Seit acht Jahren engagiert sich Helen Biedermann Vuille im Stiftungsrat. Sie schätzt diese Freiwilligenarbeit aufgrund ihrer Sinnhaftigkeit. Vor vier Jahren hat sie Christine Zimmermann ins Boot geholt, die zu diesem Zeitpunkt auf der Suche nach einem wohltätigen Engagement war.

Die beiden Frauen führen ihr Amt mit viel Elan aus. Manchmal erfahren sie durch die Geschäftsleiterin von früheren Bewohnerinnen, die eine eigene Wohnung und eine Arbeitsstelle gefunden haben. Solche Erfolgsmeldungen höre man natürlich gerne, sagt Christine Zimmermann. Doch bis zu diesem Moment ist es manchmal ein langer und steiniger Weg.

Erst einmal eignet sich das Wohnhaus nicht für alle Frauen. Da es sich um ein niederschwelliges Angebot mit relativ wenig Betreuung handelt, nimmt die Stiftung keine süchtigen und keine psychisch kranken Frauen auf. Denn in der Nacht und am Wochenende sind die Bewohnerinnen auf sich selbst gestellt. «Die Frauenbegleiterin hat auch schon Frauen aufgenommen, bei denen sich schnell herausgestellte, dass es nicht klappen wird», sagt Helen Biedermann Vuille. Etwa, weil sie nicht zu ihren Kindern schauen konnten oder weil sie eine Gefährdung für die restlichen Bewohnerinnen darstellten.

Neben einer gewissen Selbstständigkeit müssen die Frauen auch beweisen, dass sie ihr Schicksal in die Hand nehmen wollen. Es gebe Bewohnerinnen, die am liebsten bleiben würden – die müssten dann dazu motiviert werden, sich nach einer langfristigen Lösung umzusehen. «Wenn man sie ein wenig drängt, gehen manchmal plötzlich Türen auf», sagt Christine Zimmermann mit einem Lächeln.

Einzigartige Kombination
Das Wohnhaus ist meistens voll belegt. Oft gebe es sogar Wartelisten, und manche Frauen mussten abgewiesen werden – was der Frauenbegleiterin schwerfiel. Es sei einmal zur Diskussion gestanden, ein zusätzliches Haus zu mieten, sagt Helen Biedermann Vuille, das habe sich dann aber als zu kompliziert herausgestellt.
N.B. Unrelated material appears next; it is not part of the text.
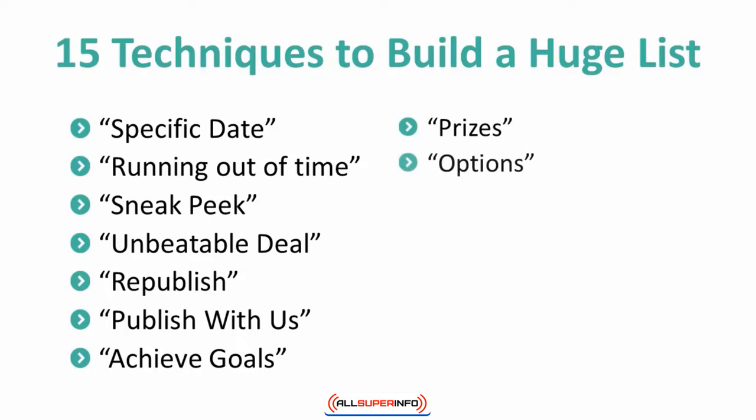9. Some subscribers may prefer to receive content in different formats. Be sure to give them the option of getting content in different formats to avoid losing subscribers.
Das Wohnhaus erhält keinerlei öffentliche Gelder, es wird durch die Studiomieten und Spenden finanziert. Im Gegenteil zur zweiten Institution der Stiftung, die sich im selben Gebäude befindet: der öffentlichen Kindertagesstätte Tutti Frutti, die sowohl Privatplätze als auch von der Stadt Biel subventionierte Plätze anbietet.
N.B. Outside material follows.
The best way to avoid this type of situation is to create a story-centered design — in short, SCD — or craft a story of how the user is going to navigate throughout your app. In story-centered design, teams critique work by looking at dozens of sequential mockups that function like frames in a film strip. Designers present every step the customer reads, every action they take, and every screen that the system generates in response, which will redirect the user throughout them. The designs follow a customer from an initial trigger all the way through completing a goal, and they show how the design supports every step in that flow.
Diese Kombination aus Frauenwohnhaus und Kindertagesstätte unter einem Dach sei einzigartig, sagen die Stiftungsratspräsidentinnen stolz. Die Kita wird derzeit von rund 80 Kindern vom Säuglings- bis Kindergartenalter besucht. Einige von ihnen wohnen mit ihren Müttern im Sotto Sopra, die meisten Kinder werden jedoch am Morgen von ihren Eltern gebracht. Im Gebäude ist deshalb tagsüber immer etwas los: Kinder wuseln umher, Betreuerinnen und Betreuer gehen ihrer Arbeit nach, Eltern holen ihren Nachwuchs ab. «Es ist durchaus wünschenswert, dass sich zwischen der Kita und den Bewohnerinnen des Wohnhauses Begegnungen ergeben», sagt Beatrice Frei.
Sowieso gibt es Synergien zwischen den beiden Institutionen: Für die Kinder der Bewohnerinnen gibt es garantierte Betreuungsplätze. Und wenn in der Kita zu viel gekocht wird, dürfen die Bewohnerinnen kostenlos mitessen. Dem Essen wird in der Kindertagesstätte hohe Bedeutung zugemessen. Die Küche ist mit dem Zertifikat «Fourchette verte – Ama terra» ausgezeichnet, das für eine ausgewogene und nachhaltige Ernährung von Kindern steht.

Manchmal helfen die Kinder beim Zubereiten des Essens mit, und einmal pro Woche geht es gemeinsam mit dem Betreuungspersonal auf den Märit – jedenfalls bevor sich das Coronavirus ausgebreitet hatte.

Helen Biedermann Vuille und Christine Zimmermann sind zuversichtlich, dass die Stiftung für Frauen und Kinder Biel noch lange weiter bestehen wird. Das Angebot werde auch in Zukunft einem grossen Bedürfnis entsprechen, sind sie sich einig.